BRIEF: Everything from the opening line of the listing below to the line that has "cinta de amarre", inclusive, should be returned exactly, except the pictures.
BEGIN DATASET EXCERPT
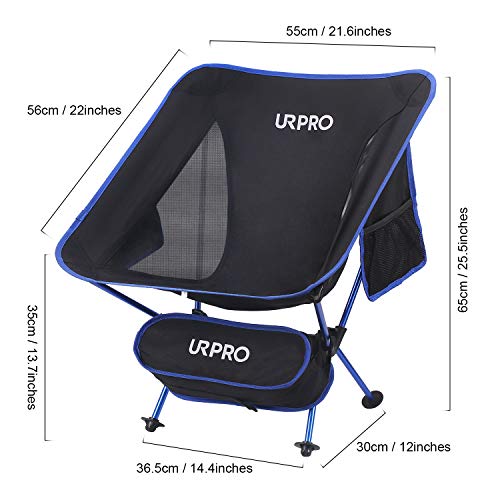 URPRO Outdoor Ultralight Portable Folding Chairs with Carry Bag Heavy Duty 145kgs Capacity Collapsible Chair Camping Folding Chairs Beach Chairs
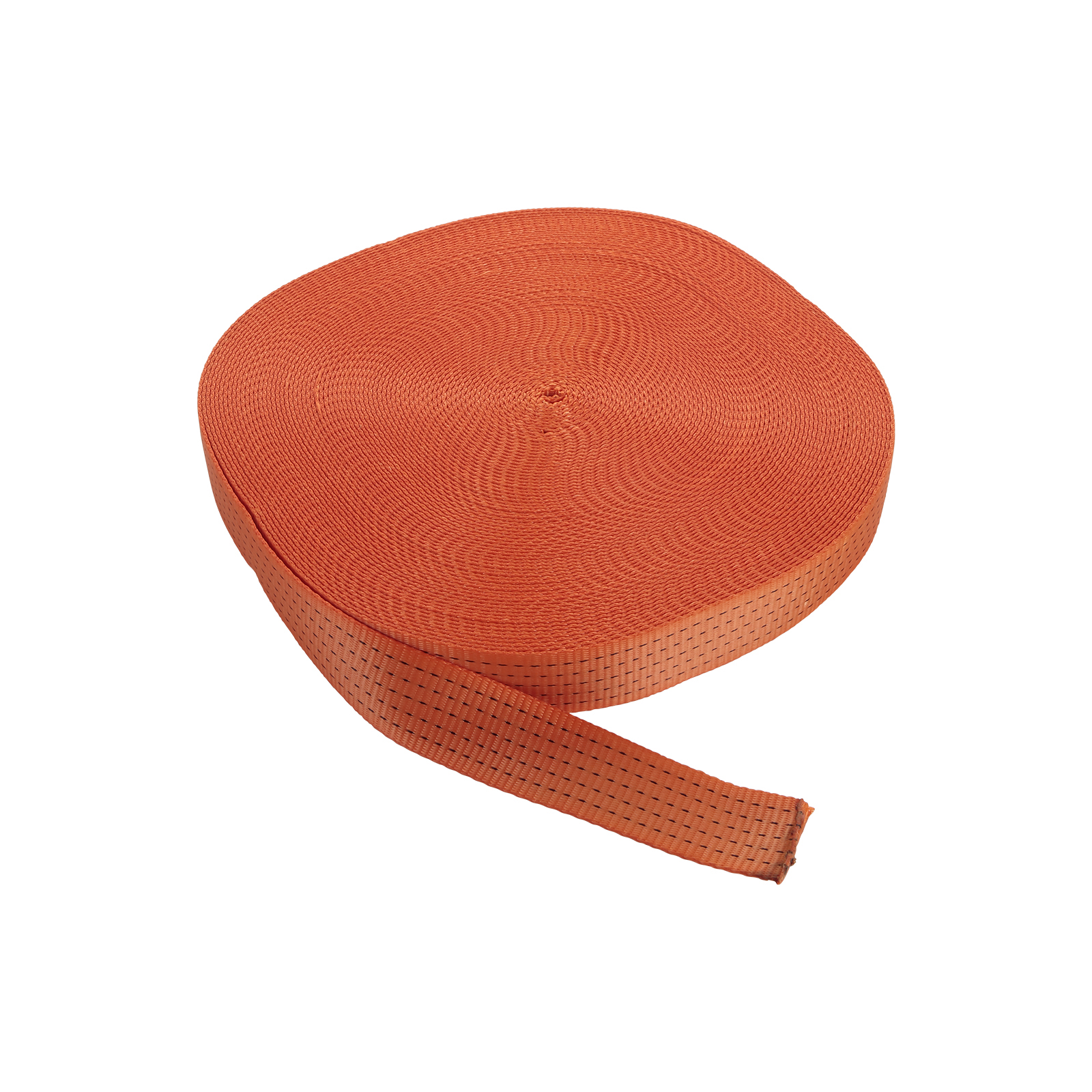 cinta de amarre de poliéster de alta resistencia, ideal para asegurar cargas pesadas. Medidas de 50mm de ancho y 50m de longitud, perfecta para uso industrial y comercial.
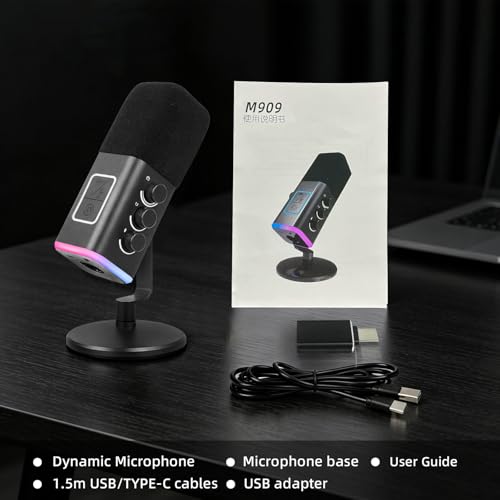 VCOM XLR/USB Gaming Microphone for PC,Dynamic Computer Mic for Streaming Podcasting,RGB Light, Mute Button, Headphones Jack, Desktop Stand, Vocal Mic for Singing YouTube TikTok Streaming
END DATASET EXCERPT
SOLUTION:
 URPRO Outdoor Ultralight Portable Folding Chairs with Carry Bag Heavy Duty 145kgs Capacity Collapsible Chair Camping Folding Chairs Beach Chairs
 cinta de amarre de poliéster de alta resistencia, ideal para asegurar cargas pesadas. Medidas de 50mm de ancho y 50m de longitud, perfecta para uso industrial y comercial.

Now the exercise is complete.